Often in his process there are companion words that join us on our walk with our words. Are there any specific words that keep popping up in your journey this year?
I have a few companion words that I think about often. In fact I have thought about doing this project for those words as well. If nothing else one of these words may be a word for a future year. My words are: focus, courage, happiness and positivity.
Have you developed any specific practices related to your word? Do you have something you say to yourself over and over or an action you take to help your actions in alignment with your word?
I find myself thinking of my word quite often and how I can use it use it every day. One of my dreams I really want to do is to write a book. I have not started yet and I htink it is a feat thing, but I keep telling myself that I can do this. I just need to have the confidence to start. I buy books to help me find inspiration and encouragment as well as I am always looking on the internet for things to help me out. I keep telling myself you can do this - you got it.
What is stopping you from fully embaracing your word and your intentions for yourself this year?
The biggest thing for me is a fear of failure. I think that if I do not follow my dreams the right way things will not turn our. I also think I need to learn to have more confidence in myself to do all I want to do.
What one specific action will you take this month to move you forward?
Listen - Listen to my heart, listion to my mind, listen to all who are encouraging me.
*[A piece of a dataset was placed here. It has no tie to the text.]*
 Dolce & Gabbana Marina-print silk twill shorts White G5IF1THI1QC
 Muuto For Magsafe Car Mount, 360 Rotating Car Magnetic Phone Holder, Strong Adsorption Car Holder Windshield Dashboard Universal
Once I start listening then I can start doing the things I am dreaming of.
Three things you'd like to accomplish by the end of the year:
- begin writing
- find a job I like
- have more confidence in myself
Anything else you want to document about your word right now.
When I first started on my journey with the word dream I was not sure what to expect but I knew I was excited that this word chose me. But as I have progressed on this journey I feel as if this word has made me look deeper at things I want to do in life.
Other thoughts to consider-
What are you currently feeding yourself - emotionally, visually and by your senses?
I would have to say I try to feed myself positive thoughts and sayings. I am also feeding myself with doses of encouragment whether it be by telling myself I can do this or by just talking about it and having others give me encouragement.
What limiting statement are you repeating and what can you replace those with instead? (replace the negative with the positive)
I think what if no one likes what I write when I should be thinking about what if people like what I write. I think what happens if our move does not happen and should be thinking I can't wait for this move to happen. I think I can't when I should think I can.